Wedding Announcements: The Whys, Whos, and Whens

Let’s say that your budget didn’t allow inviting everyone and anyone to your wedding, but there are still members of your extended family and peer group who might want to know that you’ve tied the knot. Assuming these people are not close enough to you or your new spouse to have heard from you or your mother or your best friend’s mother’s coworker from the last company she worked at that you’re married, wedding announcements may come into play.

wedding announcements

A wedding announcement is a bit like a wedding invitation with all of the scheduling info removed, in that it contains some of the same details and is frequently sent on stationery as fancy as the wedding invitations themselves. Note, however, that you don’t have to rock the ecru cardstock with black lettering if something more colorful would suit you better. The bride’s parents may have the “honour of announcing the marriage” of the new Mr. and Mrs. (or Mr. and Mr. or Mrs. and Mrs.) So-and-So, or not. A typical wedding announcement might read something like this:


Mr. and Mrs. Dadandmom
have the honour of announcing
the marriage of their daughter
Bridesname
to
Mr. Fullgroomsname
on Dayoftheweek, the number of Month
Yearspelledout
Ceremony Venue

Sometimes the people sending out the wedding announcement will include an at-home card, which is a very old fashioned thing but quite useful still. The at-home card serves to let the recipient of the wedding announcement know the newlyweds’ address, when they’ll take up residence if one or both of them is moving house, and whether someone (usually the bride, but these are modern times!) has changed their name. An at-home card might read:

Mr. and Mrs. Groomsfullname
After such-and-such a date
Full mailing address

Now to address the matter of who gets what. Wedding announcements should only be sent to the people who you can reasonably say will really want to know that you are now hitched. While your parents’ friends may be a stretch, there is a surprisingly good chance that at least some of them will want to know (especially if they have seen you recently or knew you when you were tiny). Indeed, you’d probably be shocked and flattered at who is excited that someone has finally made an honest (wo)man of you!

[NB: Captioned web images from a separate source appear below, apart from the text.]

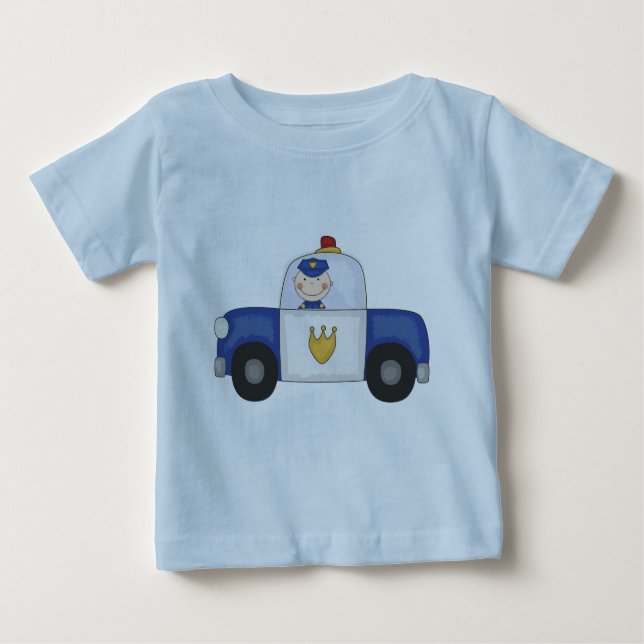 Police Cruiser T-shirts and Gifts (Front)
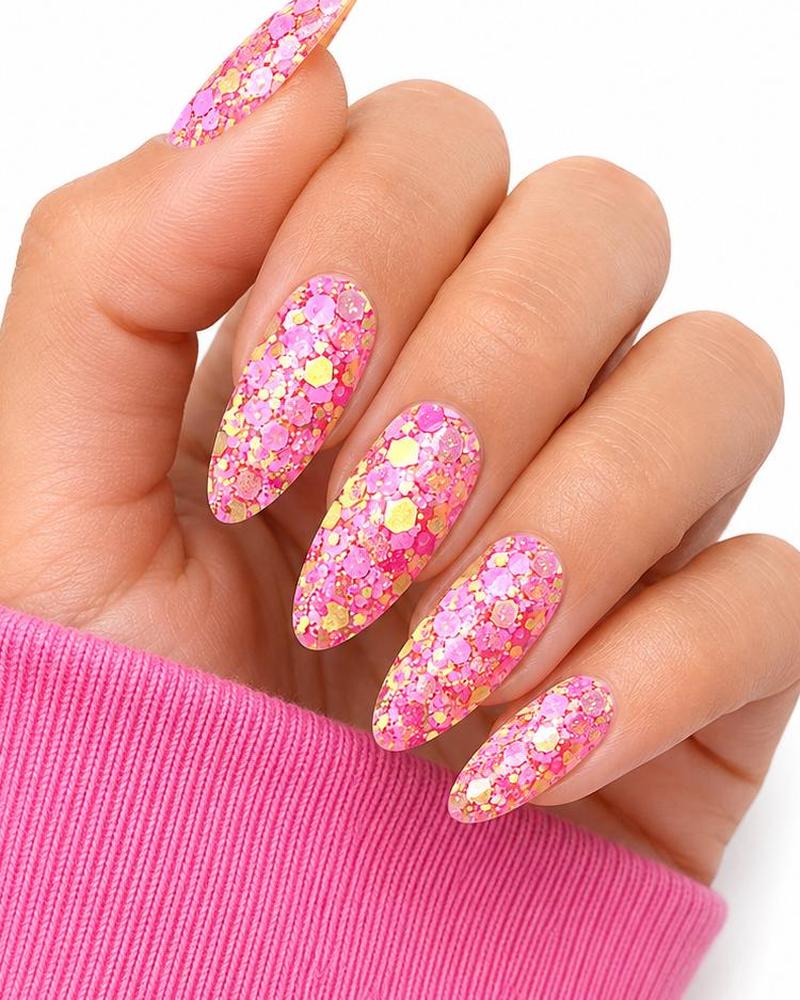 -Glitter-Dip-Nail-Powder-Paradise Cove-Fairy-Glamor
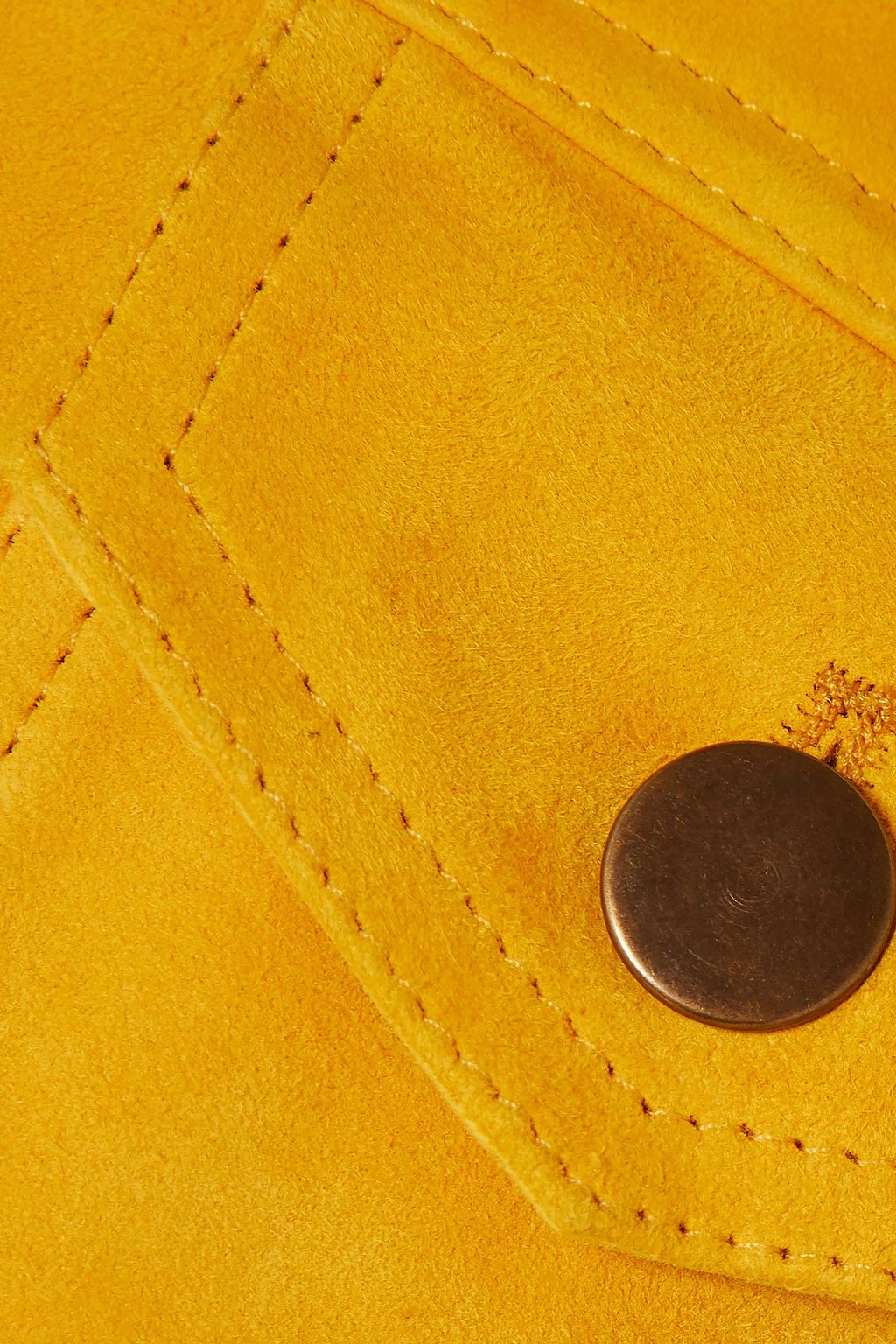 ARJÉ The Lex cropped suede jacket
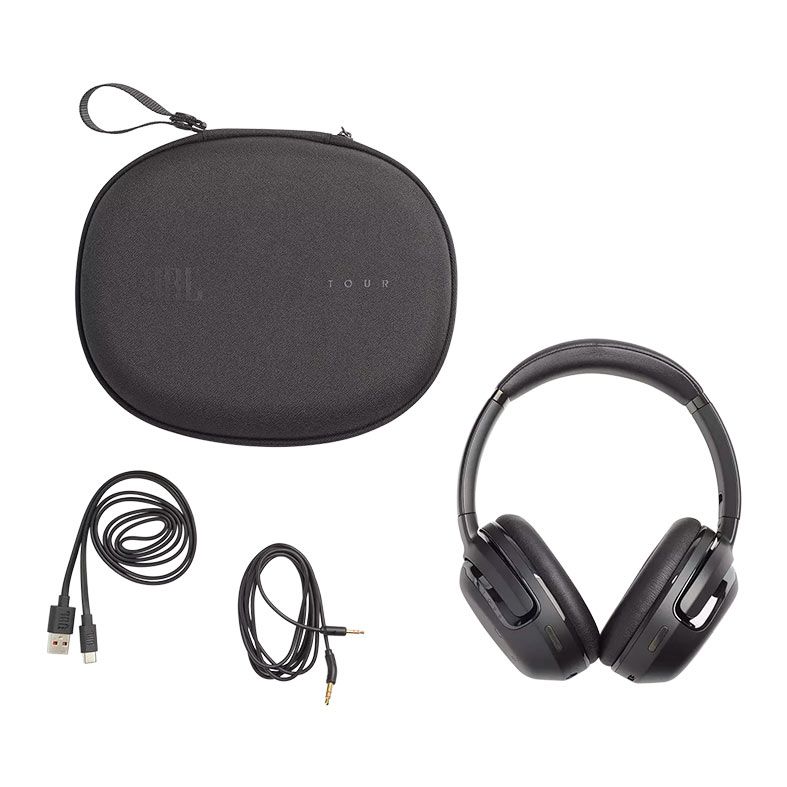 Fone de Ouvido JBL Tour One M2, Wireless, Drivers 40mm, Preto, JBLTOURONEM2BLK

Send your wedding announcements off only after the wedding has taken place. I won’t say it’s a hedge against cold feet, but brides- and grooms-to-be do occasionally change their mind at the last second. The right time to have wedding announcements sent — ask the MOG or MOB to do this for you — is on the day of the wedding or the day after the wedding. Speaking realistically, the best time to send them is probably sometime in the week after you return from your honeymoon, preferably after you’ve recovered from spending days and days drinking complimentary rum runners under a blazing hot sun.

Last, but certainly not least, wedding announcements should not include any sort of registry information. In fact, including wedding registry information in announcements could be seen as rather crass since the recipient of the announcement wasn’t invited to the wedding. It reads like: “We got married, you weren’t invited, please send a gift!” I’d never suggest you meant that, of course, but registry information in a wedding announcement can easily be interpreted that way.

5 Responses to “Wedding Announcements: The Whys, Whos, and Whens”

  1. Toni February 5, 2010 at 10:06 am #

    Now this is a situation where I can unequivocally agree that registry information should NEVER appear.

  2. Lorelei February 5, 2010 at 10:07 am #

    Great tips – and something a lot of people don’t consider during planning, I’d say. However, am I the only one that wondered what was up with the photo? It’s an interesting photo, I guess, but IMHO it would be a terrible photo to send to people. At first glance it looks like they’re giving you the middle finger.

  3. Never teh Bride February 5, 2010 at 5:30 pm #

    I think the middle finger double take was the whole point… it’s of questionable taste, but if it works for them, dandy!

  4. Dynamite Weddings February 5, 2010 at 5:33 pm #

    Great tip! love the pic!

  5. AnthroK8 February 6, 2010 at 12:50 am #

    I would love to send out announcements, if only because I would like to have written down somewhere

    The only circumstances under which I can imagine becoming anyone other than Myownname are if they include a really complex title such as “Her Grace, Duchess of Windsor”

    My experiences of asking friends what their name is post-wedding have provoked a really interesting range of responses from near-hostility to bafflement that I didn’t KNOW they were going to become/ remain A NAME. Dude. I don’t really care what you call yourself in a political way. Not at all. I really care what you call yourself in a social way, though, because I want to know where to send your holiday card.

    Wedding announcements! Doing card-addressers a favor in the modern era!